Others are also referred to as our saviours if we choose to view them through our right-minded lens, and use our relationship with everyone for salvation’s purpose by practicing forgiveness. Keep in mind that if we are not the body but the dreamer of the dream, all seemingly separated ‘others’ are really just us. In other words, there are no “real” external saviours- we save ourselves by choosing to forgive everyone and everything without exception. We don’t need to wait on anyone else’s forgiveness but our own. And ideally, nor need we wait. We are free to forgive at any and every point in time.
“As you condemn only yourself, so do you forgive only yourself.” (W-46.1:5)
SALVATION ACCORDING TO ACIM IS ATTAINED BY GIVING UP THE FALSE IDEA OF SIN WE ALREADY SECRETLY ACCEPTED
Moreover, considering ACIM refutes the reality of both sin and the world, its definition of salvation has nothing to do with renouncing sin that we first accept as real, nor doing anything specific in the world to make it a better place. Rather, it is our secret, pre-existing belief in sin we all share, that the Course attempts to bring to our awareness, and urges us to give up and undo, simply because it is not true.
“The purpose of Atonement is to dispel illusions, not to establish them as real and then forgive them.” (T-13.X.6:6)
“Forgiveness is not pity, which but seeks to pardon what it thinks to be the truth. Good cannot be returned for evil, for forgiveness does not first establish sin and then forgive it.” (T-27.II.2:6-7)
“Forgiveness recognizes what you thought your brother did to you has not occurred. It does not pardon sins and make them real. It sees there was no sin. And in that view are all your sins forgiven. What is sin, except a false idea about God’s Son? Forgiveness merely sees its falsity, and therefore lets it go. What then is free to take its place is now the Will of God.” (W-pII.1.1:1-7)

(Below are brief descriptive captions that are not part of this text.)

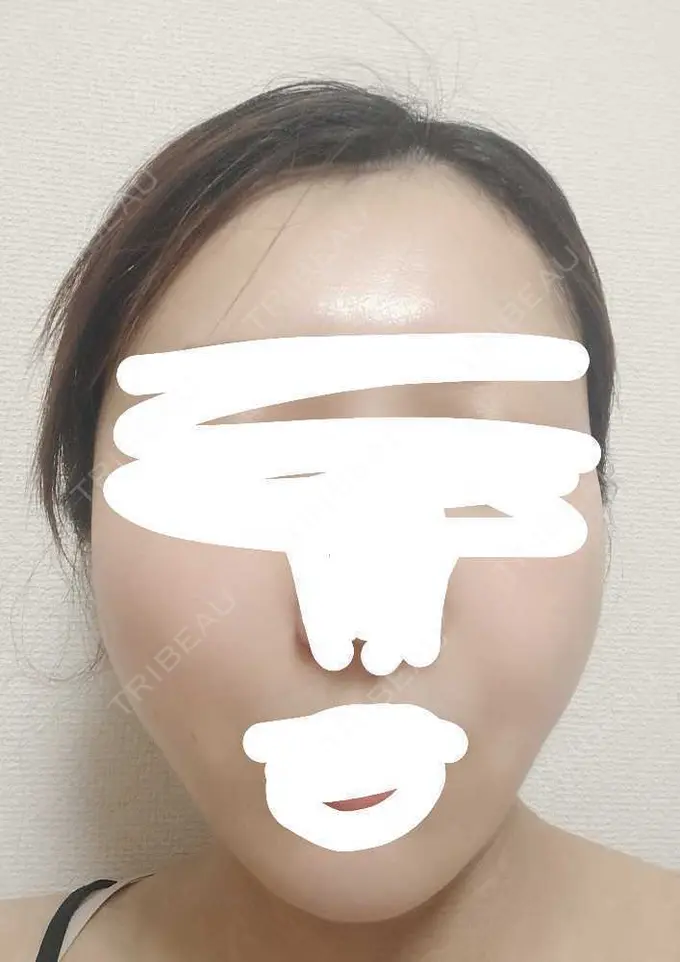 糸リフト アリエル美容クリニック 横浜院 DAY 4 メイン用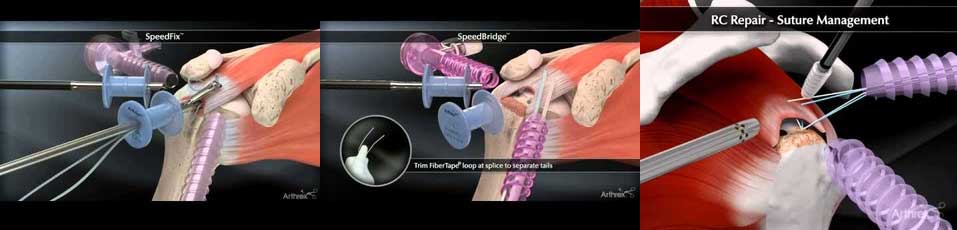 shoulder arthroscopy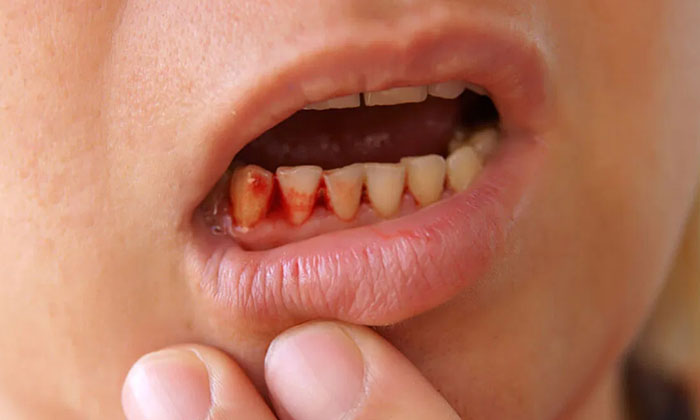 Telugu Bacteria, Soda, Coconut Oil, Care, Gums Teeth, Problems, Lauric Acid, Oil Telugu Bacteria, Soda, Coconut Oil, Care, Gums Teeth, Problems, Lauric Acid, Oil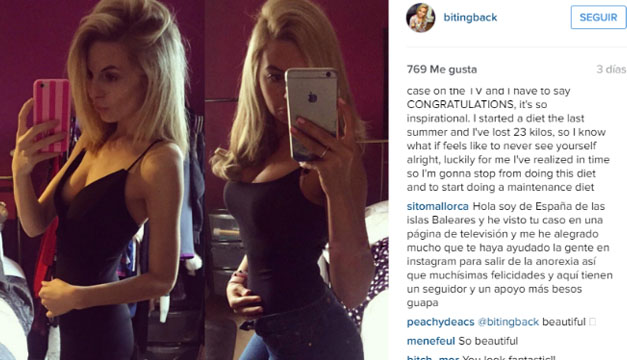 Nina-Anorexia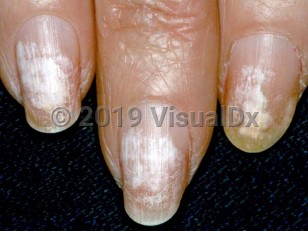 Clinical image of Nail polish damage - imageId=1654463. Click to open in gallery.  caption: 'Keratin granulation leading to leukonychia.'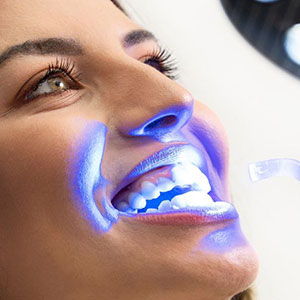 home-clareamento-dental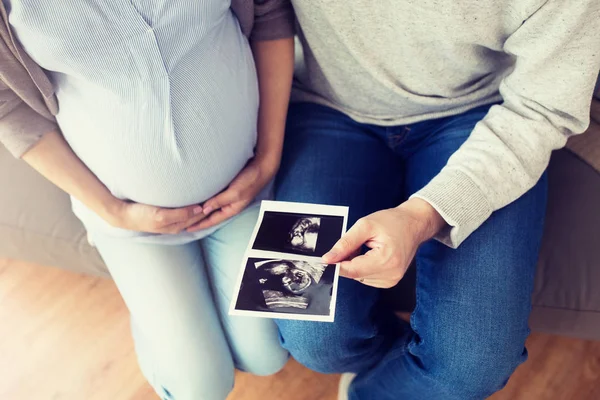 Primer plano de pareja con imágenes de ultrasonido de bebé — Foto de Stock
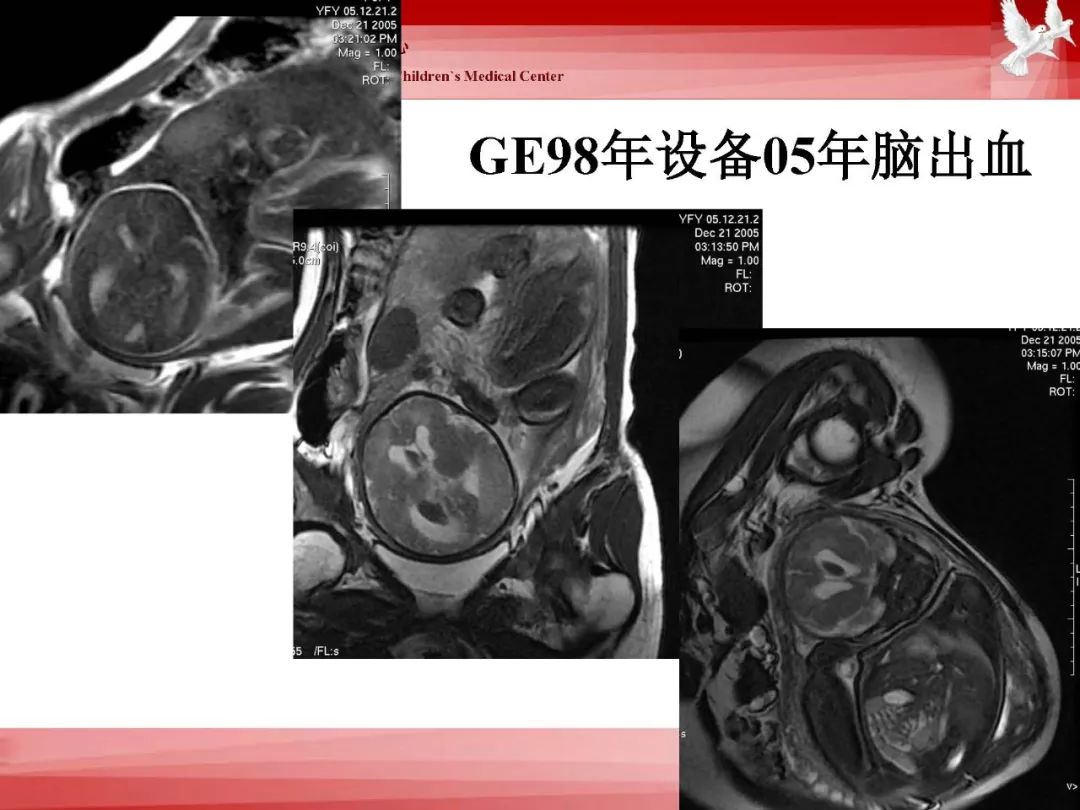 影像PPT - 【PPT】胎儿磁共振检查技术-74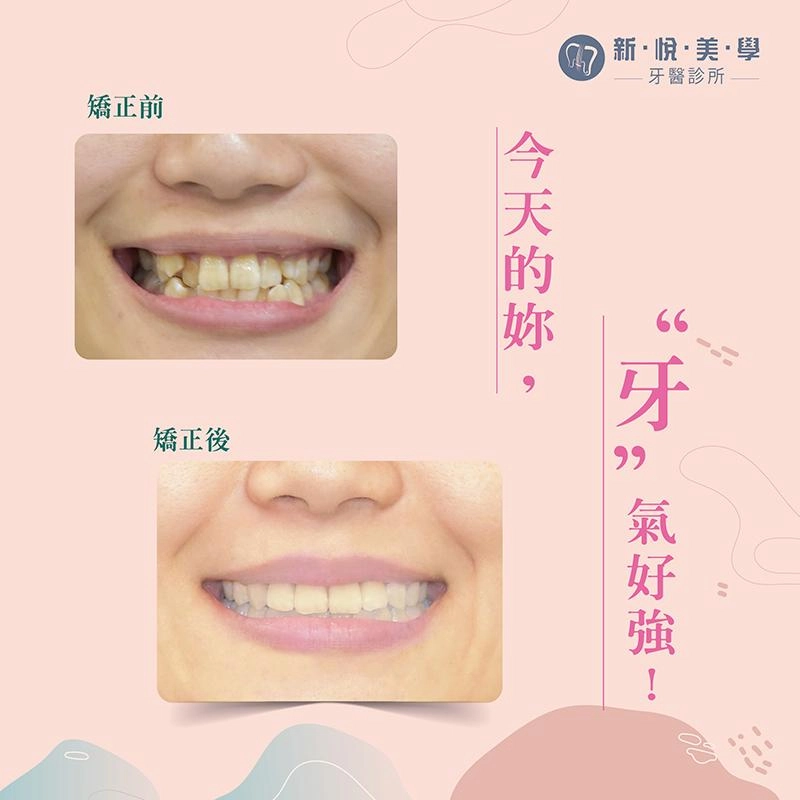 告別沙丁魚派對，矯正後的驚人改變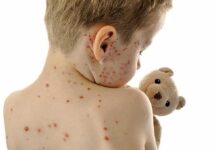 Child with red spots on back holding a teddy bear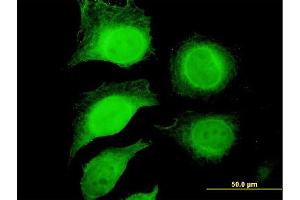Immunofluorescence of purified MaxPab antibody to GAPDH on HeLa cell. (GAPDH 抗体  (AA 1-335))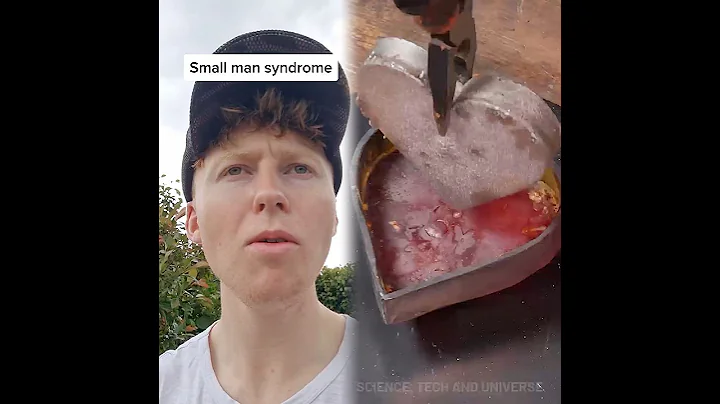 Small man syndrome #fyp #foryou #relate #smallmansyndrome #teatowel #agressive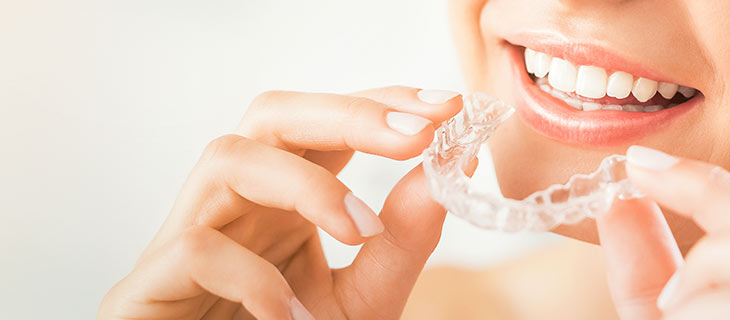 Invisalign Price Near Me in Mountain View, CA Invisalign Price Near Me in Mountain View, CA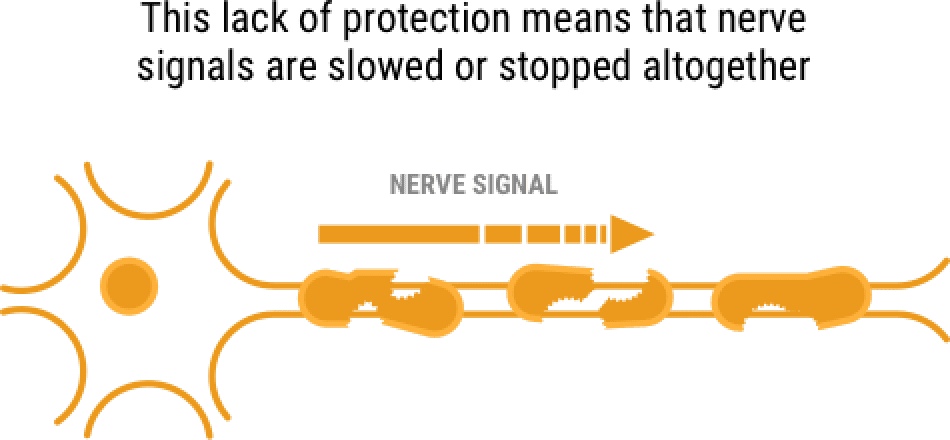 nerve-signal-graphic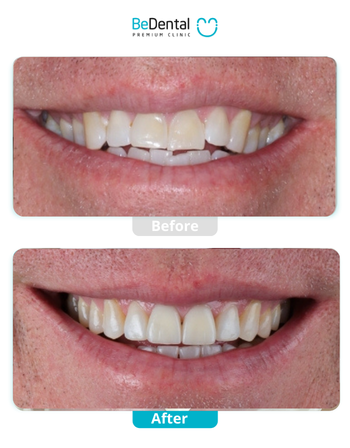 Cracked Tooth in Vietnam. Cracked Tooth in Vietnam. Cracked Tooth in Vietnam. Cracked Tooth in Vietnam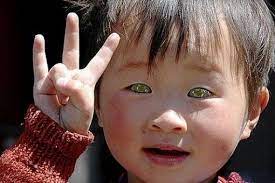 cat eyed chinese boy who can see in the night cats that dont shed benadryl for cats cats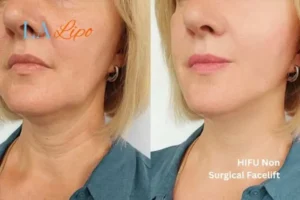 hi-fu for wrinkles Chesham before and after results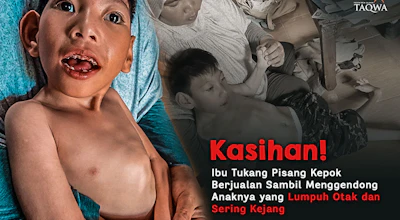 Bantu Dik Zaky Dapatkan Terapi Lumpuh Otak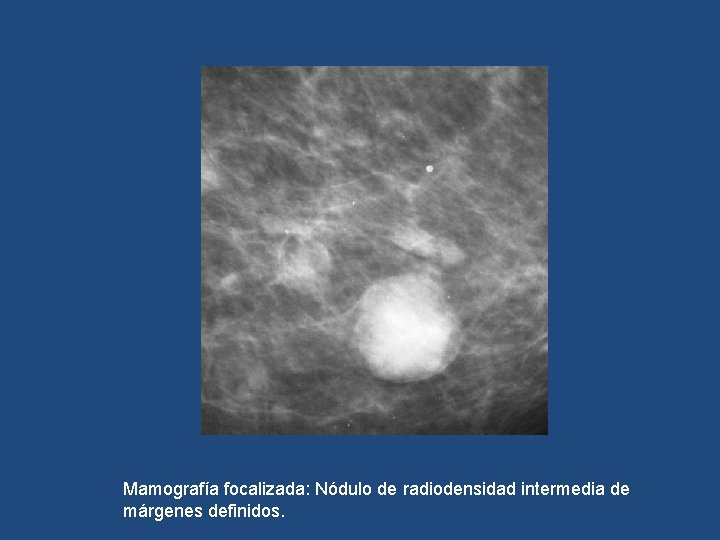 Mamografía focalizada: Nódulo de radiodensidad intermedia de márgenes definidos. 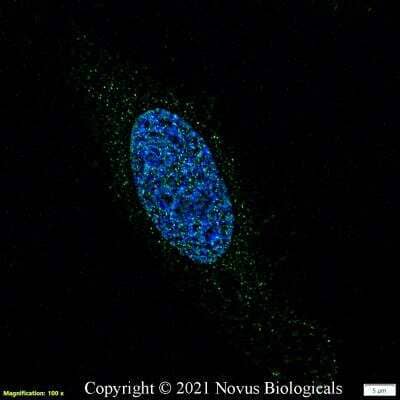 Immunocytochemistry/ Immunofluorescence: Noxa Antibody (114C307.1R) - BSA Free [NBP3-07012]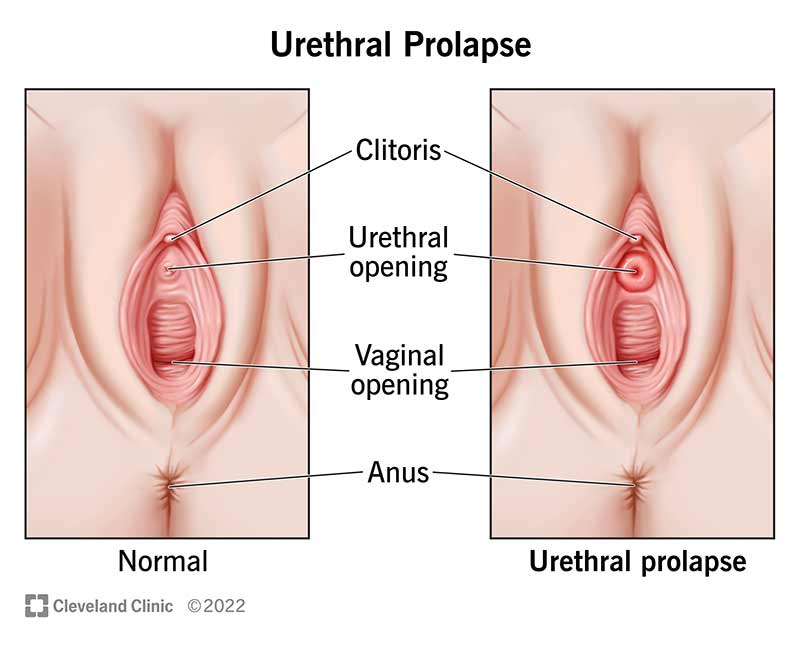 24177 urethral prolapse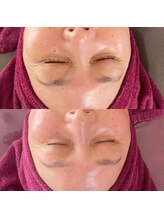 サロン アイプラス(salon i plus)/しわ/たるみ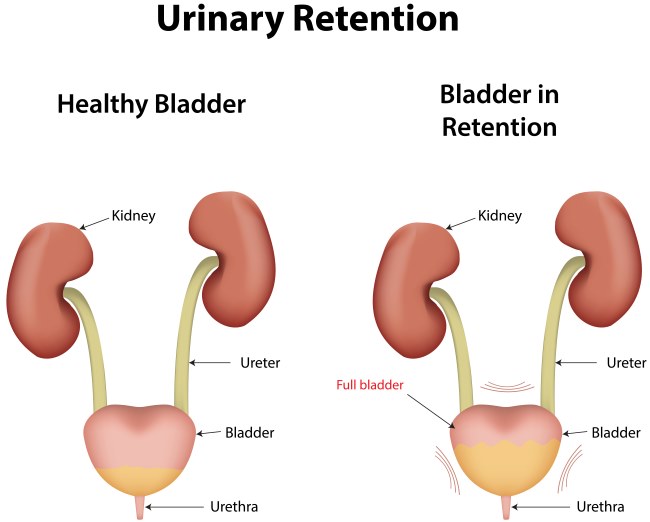 Retensi Urine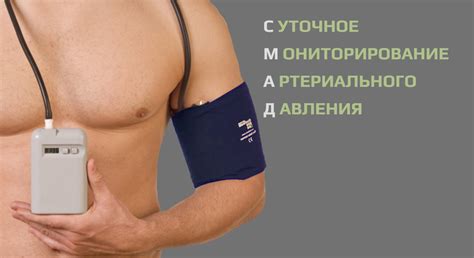 СМАД -Проведение суточного мониторирования артериального давления в ...
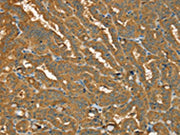 The image on the left is immunohistochemistry of paraffin-embedded Human thyroid cancer tissue using CSB-PA185772(PYGL Antibody) at dilution 1/20, on the right is treated with fusion protein. (Original magnification: ×200)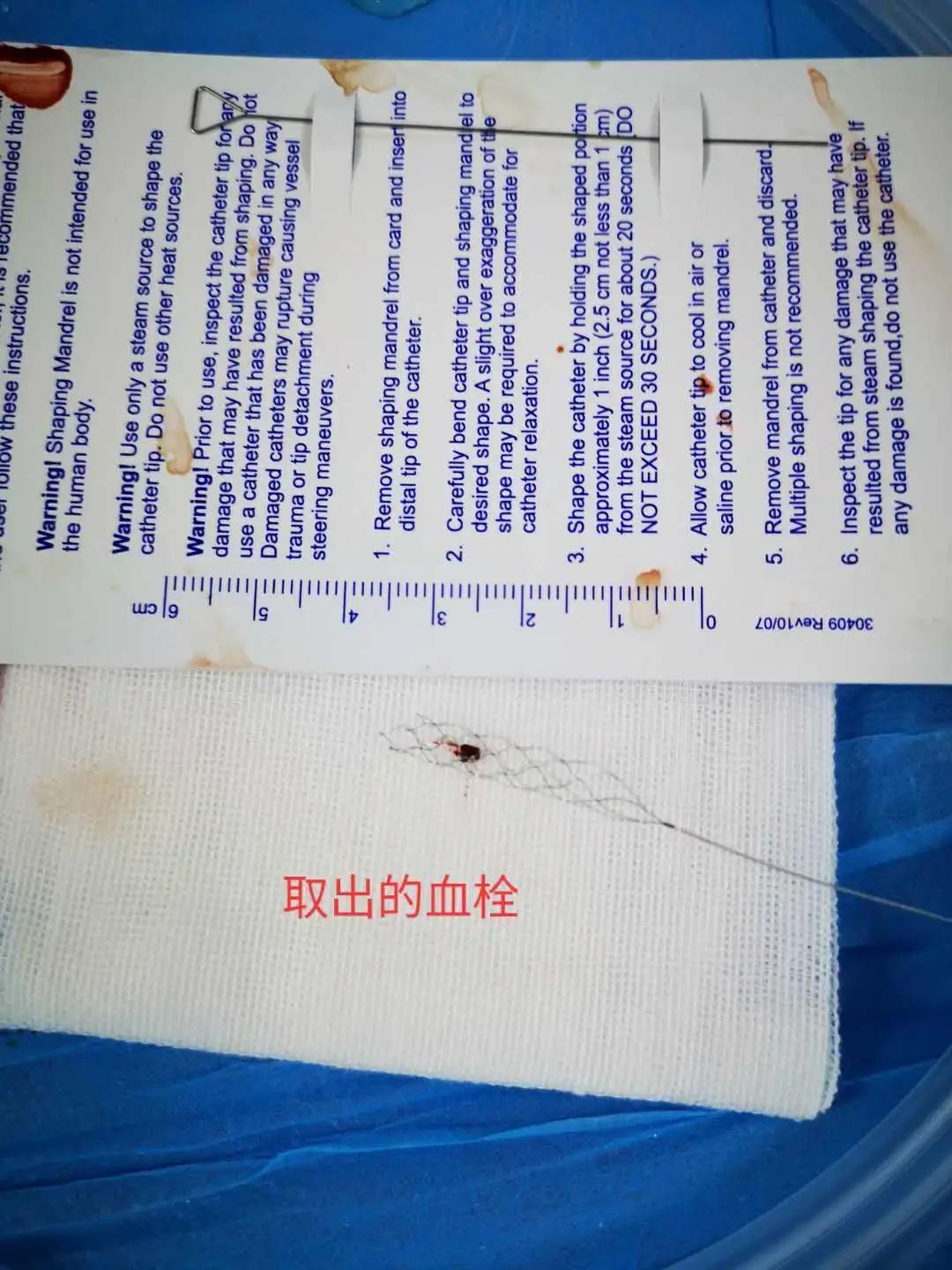 经皮颅内动脉取栓术全过程,为患者打开生命希望之门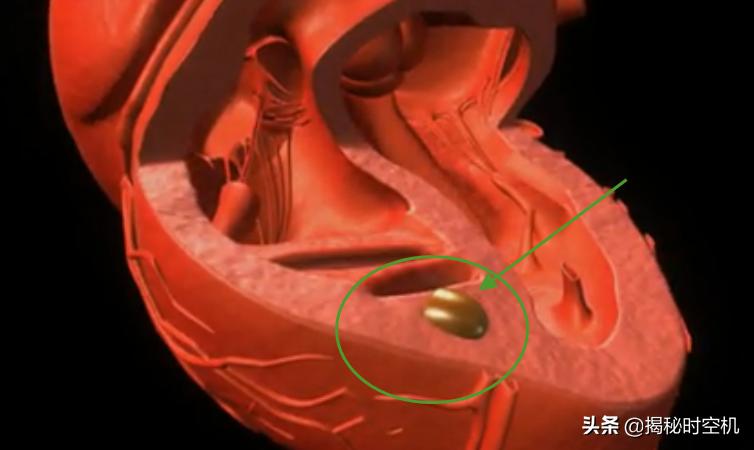 中国孤例！*弹子**击中心脏14年没死？湖南男子奇迹生还至今成谜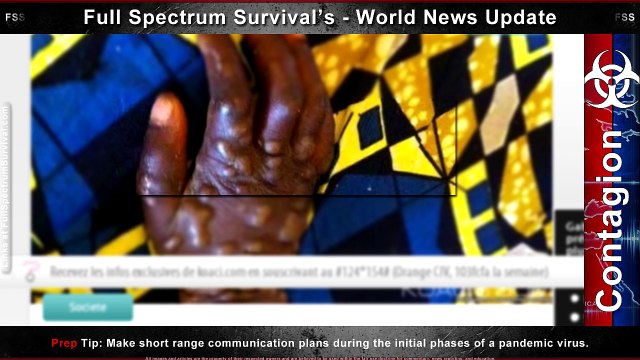 MonkeyPox Outbreak - Body Lesions - Earth Crust Weakness - FSS World News Update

“Forgiveness, on the other hand, is still, and quietly does nothing. It offends no aspect of reality, nor seeks to twist it to appearances it likes. It merely looks, and waits, and judges not.” (W-pII.1.4:1-3)
ACCORDING TO ACIM, YOUR SALVATION LIES IN YOUR FORGIVENESS
“Salvation and forgiveness are the same.” (W-99.1:1)
Salvation in short, is attained through the practice of forgiveness, which systematically heals our mind by progressively erasing our belief in sin (guilt and fear). Given it is our mind that cherishes the belief in sin, it is our mind we have to change.
What this translates to in practice is changing how we think: how we interpret ourselves, others, and everything in the world of form that seems to be our reality. This is what gives way to the internal experience of peace.
“Through your forgiveness does the truth about yourself return to your memory. Therefore, in your forgiveness lies your salvation.” (W-62.1:4-5)
ACIM AND CHRISTIANITY: SAME IDEAS DIFFERENT TEACHINGS
All in all, the theory of ACIM makes one thing clear: ACIM and Christianity are not similar teachings. ACIM uses traditional Christian terms and concepts in a revised fashion that leads to very different conclusions.